Eu sempre tenho ganas de ir-me, nunca sabendo
qual a direção e, por este motivo fútil, vou elegendo aqui e ali motivos
estranhos, engraçados ou tristes – nunca reais – para a empreitada sonhadora de
sempre. Vou enxergando os segundos, minutos, horas, dias e anos passando por
debaixo do casco da existência que, volta e meia, percorre todos os recônditos
do abismo, demonstrando um leque tão aberto que fica quase impossível decidir.
O meu espírito se desacomoda entre tantas
coisas circundantes que apenas parecem ser seguras e leais: na verdade, se
manifestam movediças e distantes porque minhas mãos não conseguem alcançar ou
compreender.
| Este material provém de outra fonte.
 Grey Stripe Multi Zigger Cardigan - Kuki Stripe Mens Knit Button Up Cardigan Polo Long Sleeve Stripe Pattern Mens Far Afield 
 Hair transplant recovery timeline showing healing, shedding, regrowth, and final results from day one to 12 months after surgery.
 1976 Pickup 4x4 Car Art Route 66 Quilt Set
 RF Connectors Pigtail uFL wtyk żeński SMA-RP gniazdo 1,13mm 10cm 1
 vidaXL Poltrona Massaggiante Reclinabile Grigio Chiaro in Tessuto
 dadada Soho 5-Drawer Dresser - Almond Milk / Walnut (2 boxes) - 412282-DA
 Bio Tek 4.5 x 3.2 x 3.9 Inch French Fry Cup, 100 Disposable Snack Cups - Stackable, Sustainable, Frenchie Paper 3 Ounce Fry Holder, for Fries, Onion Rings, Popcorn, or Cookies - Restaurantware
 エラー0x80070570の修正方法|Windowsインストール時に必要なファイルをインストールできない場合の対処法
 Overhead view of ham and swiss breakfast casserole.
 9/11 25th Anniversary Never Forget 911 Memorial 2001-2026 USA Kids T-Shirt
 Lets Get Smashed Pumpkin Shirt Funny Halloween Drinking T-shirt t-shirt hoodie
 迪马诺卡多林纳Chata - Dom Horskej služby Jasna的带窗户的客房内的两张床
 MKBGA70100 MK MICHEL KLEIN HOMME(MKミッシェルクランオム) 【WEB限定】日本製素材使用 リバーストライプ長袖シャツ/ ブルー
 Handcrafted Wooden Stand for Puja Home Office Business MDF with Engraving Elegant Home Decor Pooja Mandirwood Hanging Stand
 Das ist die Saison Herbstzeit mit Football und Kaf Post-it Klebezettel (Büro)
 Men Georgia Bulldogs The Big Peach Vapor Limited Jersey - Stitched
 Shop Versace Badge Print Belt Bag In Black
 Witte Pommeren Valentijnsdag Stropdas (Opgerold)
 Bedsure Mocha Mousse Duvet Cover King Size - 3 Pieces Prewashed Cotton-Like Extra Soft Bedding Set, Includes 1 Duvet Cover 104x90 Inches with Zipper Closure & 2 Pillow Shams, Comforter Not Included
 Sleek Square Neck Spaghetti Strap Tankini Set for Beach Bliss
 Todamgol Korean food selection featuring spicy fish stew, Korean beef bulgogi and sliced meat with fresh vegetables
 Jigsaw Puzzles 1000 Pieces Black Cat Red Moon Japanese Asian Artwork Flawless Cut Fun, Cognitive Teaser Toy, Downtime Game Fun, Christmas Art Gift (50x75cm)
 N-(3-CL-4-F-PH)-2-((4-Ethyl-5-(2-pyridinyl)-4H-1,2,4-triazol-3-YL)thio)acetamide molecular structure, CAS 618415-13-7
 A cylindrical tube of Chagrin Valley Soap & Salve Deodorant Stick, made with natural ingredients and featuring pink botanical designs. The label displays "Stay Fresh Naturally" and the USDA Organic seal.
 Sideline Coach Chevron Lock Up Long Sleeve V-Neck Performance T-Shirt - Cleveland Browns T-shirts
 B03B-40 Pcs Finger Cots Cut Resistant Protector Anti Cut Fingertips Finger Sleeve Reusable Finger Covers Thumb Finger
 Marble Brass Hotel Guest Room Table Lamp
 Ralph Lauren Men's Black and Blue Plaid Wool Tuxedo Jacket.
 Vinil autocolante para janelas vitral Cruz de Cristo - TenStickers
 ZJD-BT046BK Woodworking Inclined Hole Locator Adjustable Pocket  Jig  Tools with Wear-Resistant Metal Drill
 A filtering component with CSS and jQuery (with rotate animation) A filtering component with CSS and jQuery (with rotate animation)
Ao invés de fincar raiz e construir paredes, eu poderia
desenvolver um assoalho que se movimenta por sobre meus pés, contendo frestas
estratégicas de espionagem do que anda se passando no andar de baixo do mundo.
Será com asas nos pés assentadas no chão que
terei que palmilhar no casco deste ciclo, este sim, construído por mim usando o
desenrolar dos fatos que me arrodearam obstruindo a estrada. Deste modo, ao
invés de ir ou ficar, vou deixar-me em um estaleiro pra arrumação.
Foi assim que eu trouxe a resina transparente,
porque era urgente reunir duas farpas do ladrilho que ali representavam
pequenas rusgas. Ao invés de ir-me com gana de cansaço, reuni todas as questões
sem resolução em uma grande esfera que arrebatou as contrariedades. Lancei-a ao
mar com sofreguidão, aguardando que as ondas a remetam ao profundo abismal.